Every creative act starts with a memory. Artists thrive on the recalled image, feeling, taste, scent. If they're not embracing memory, they're consciously reacting against it. But why bother? There is no escape from the past. It's a beautiful thing, and Raf Simons proved that tonight. On the back of most of the coats and jackets in his collection were sailor collars collaged with fragments of his personal history—the actual and the imagined. "Like mood boards you'd pin your favorite images to," he said. Friends, family, a fluffy kitty, a roller coaster, Mt. Fuji painted by Hokusai, a koi pond, a shark, a swimmer in peril, an astronaut
it seemed furiously random until Simons parsed the images.
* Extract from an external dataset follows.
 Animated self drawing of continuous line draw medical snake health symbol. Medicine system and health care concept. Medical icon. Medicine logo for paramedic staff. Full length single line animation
Those old photos were of his parents courting fifty-five years ago. The roller coaster, the one he rode with his friends Olivier Rizzo and Willy Vanderperre decades ago. The Japanese influence was his thank-you to the first retailers who ever supported him. The shark was Jaws and Simons' love of horror movies; the swimmer in peril was danger; the astronaut was isolation surely you've composed a psychological profile by now. In the middle of it all, an old passport photo, Simons in a Superman T-shirt. That shirt was part of Rizzo's graduate collection from Antwerp's Royal Academy of Fine Arts, the Central Saint Martins in this story. As Rizzo was telling the tale backstage, Simons appeared with the very same T-shirt and gave it back to him, twenty-five years later. Cue tears.
It was that kind of night. The febrile atmosphere was established by the soundtrack—Mica Levi's ravishingly ominous music for Jonathan Glazer's film Under the Skin—and the lighting, red for danger, green for nature. Combined, they created the white light that, according to show producer Thierry Dreyfus, illuminated horror movies in the seventies. It had a dislocating effect, throwing much of the presentation into shadow, so the boys in their dark suits looked like Men in Black, moving eerily through the throng. Oh, yes, forgot to mention, the audience was standing, because, said Simons, "you perceive things differently when you're upright."
As far as he was concerned, what he did was the only possible reaction to the experience of working with artist Sterling Ruby on the Fall collection. That was such a sweet surrender that Simons said, "I could only go deep into myself to find another challenge." He's a supremely organized individual, but maybe Ruby left him with an appetite for chaos. "It's interesting to let go," he agreed.
Mr. and Mrs. Simons, whose courtship had been incorporated into their son's collection, were backstage for the whole show, the first time they'd actually experienced the mechanics of Raf's profession. His mom was visibly moved. His dad wanted to get back to watching soccer. France playing in the World Cup. Memories are made of this.